A Swiss magistrate has given former Pakistani prime minister Benazir Bhutto and her husband Asif Ali Zardari a six- month suspended sentence and fined them $50,000 each in a corruption case, officials said yesterday.

The magistrate issued the order on July 31 after a five-year inquiry into a case involving allegations that Swiss firm SGS paid millions of dollars in kickbacks to the couple in return for import cargo inspection contract during Benazir's 1993-96 government.

An accountability court in Pakistan convicted the couple in the case in 1999 but two years later the Supreme Court quashed the conviction. The top court ruled that the trial judge was biased and ordered a retrial of Benazir, who has lived in self-imposed exile in London and Dubai since 1998, did not return to Pakistan for the scheduled retrial last year and was convicted of absconding by the accountability court.

The couple's lawyer Farooq Naek confirmed an order pronouncing the suspended sentence and fines had been issued by Swiss inquiry magistrate Devaud and communicated to the Swiss government on Monday. In a statement Naek bitterly flayed the order. "The investigation officer's order is illogical, unreasonable, inconsistent with law and is politically motivated."

He said Benazir and Zardari, who is in jail in Pakistan since November 1996, were consulting legal advisors to decide whether to file a representation against the order.

Under the Swiss law, once a representation is filed before the General Attorney, the order of the Investigation Officer will be quashed automatically, the lawyer said.

"During all these years that Devaud was supposedly investigating the case and until his last day in office no notices were served either on Benazir or on Senator Zardari even though the latter was in jai and within reach," Naek said.

Naek said while no notices were served on the respondents the Swiss investigation officer however had been in correspondence all the past five years with the Pakistan government, providing "grist to the media trial" of Benazir and Zardari.

The investigation officer should have submitted the file to the Swiss Attorney General but he chose to bypass this procedure and hurriedly announced his order apparently because he was not sure whether the General Attorney would even find the case worth submission to a court, Naek said.

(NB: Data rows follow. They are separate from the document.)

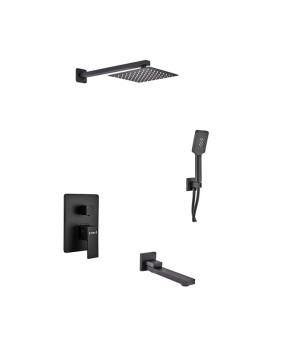 Встроенная душевая система Haiba Kubus 009 (Inner) Black HB3949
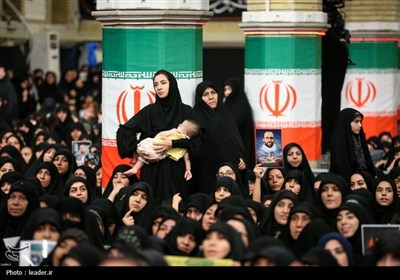 مراسم بزرگداشت شهدای جنگ تحمیلی اخیر با حضور رهبر معظم انقلاب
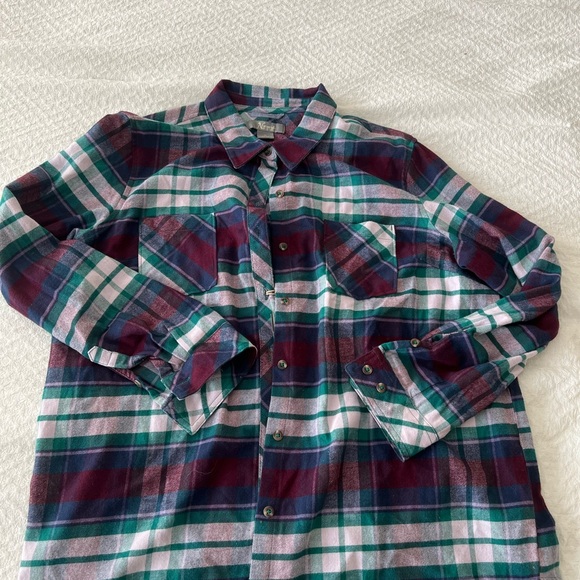 Natural Reflections men bottom up plaid shirt - Picture 3 of 8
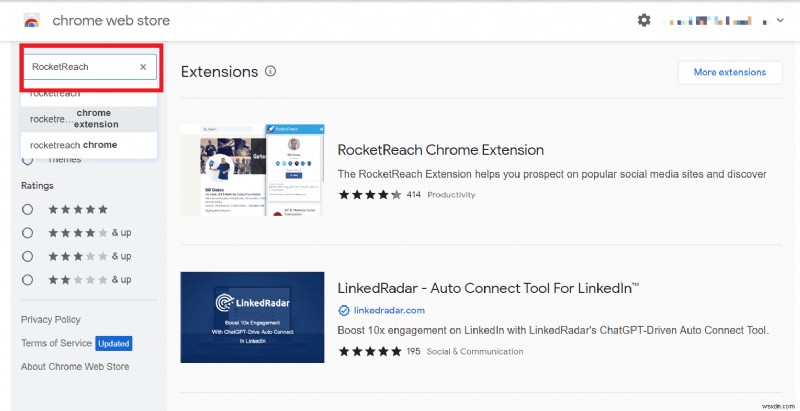 RocketReach Chrome拡張機能のダウンロード方法:ビジネスアウトリーチを簡単に強化する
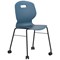 Titan Arc Mobile Four Leg Chair, Size 6, Steel Blue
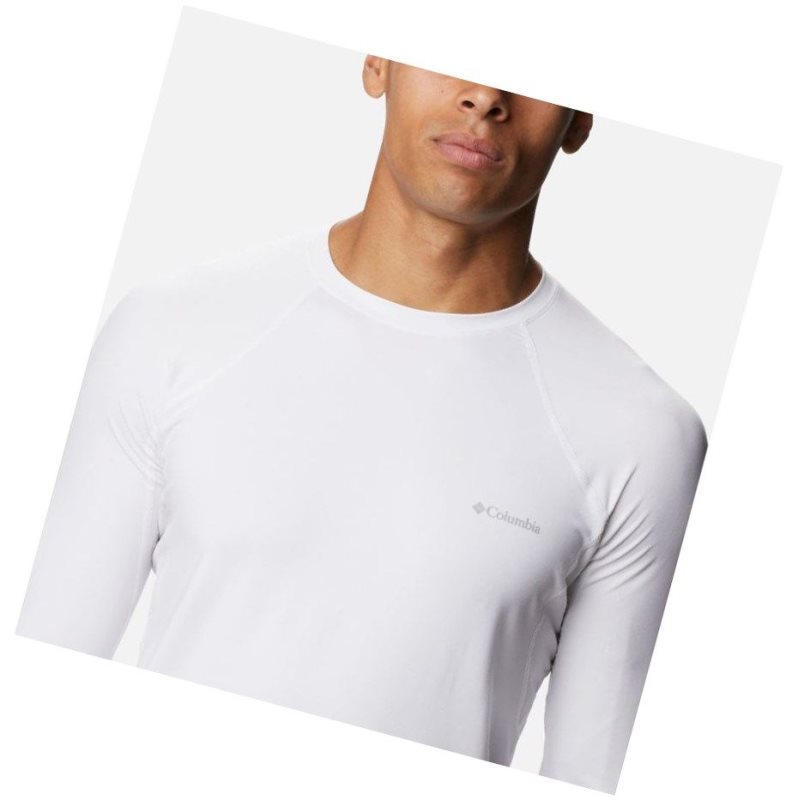 Columbia Midweight Stretch Baselayer Long Sleeve Sweatshirt Erkek Beyaz | 43702-TDPQ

"Under the Swiss law it is the General Attorney who, after satisfying himself that prima facie a case exists, forwards it to a court of law where the trial takes place under normal legal procedure involving notices to the parties and cross examination of witnesses."

He said the investigation officer announced his order without reference to the General Attorney and without serving notices on Benazir and Zardari.

Naek said Benazir's lawyer in Switzerland, Peter Haster, had met the Swiss Federal Attorney General, Carla Ded Ponte, and the latter had "confirmed that Bhutto has no accounts in Swiss banks."

Information Minister Sheikh Rashid Ahmed said the Swiss magistrate's decision was a "historic" one and it "proves beyond doubt that they (Benazir and Zardari) are corrupt," the minister said in remarks released through the official media.

Sheikh Rashid claimed the Swiss inquiry had led to the discovery of 61 new accounts of the former prime minister in foreign banks and Pakistani authorities had started an investigation.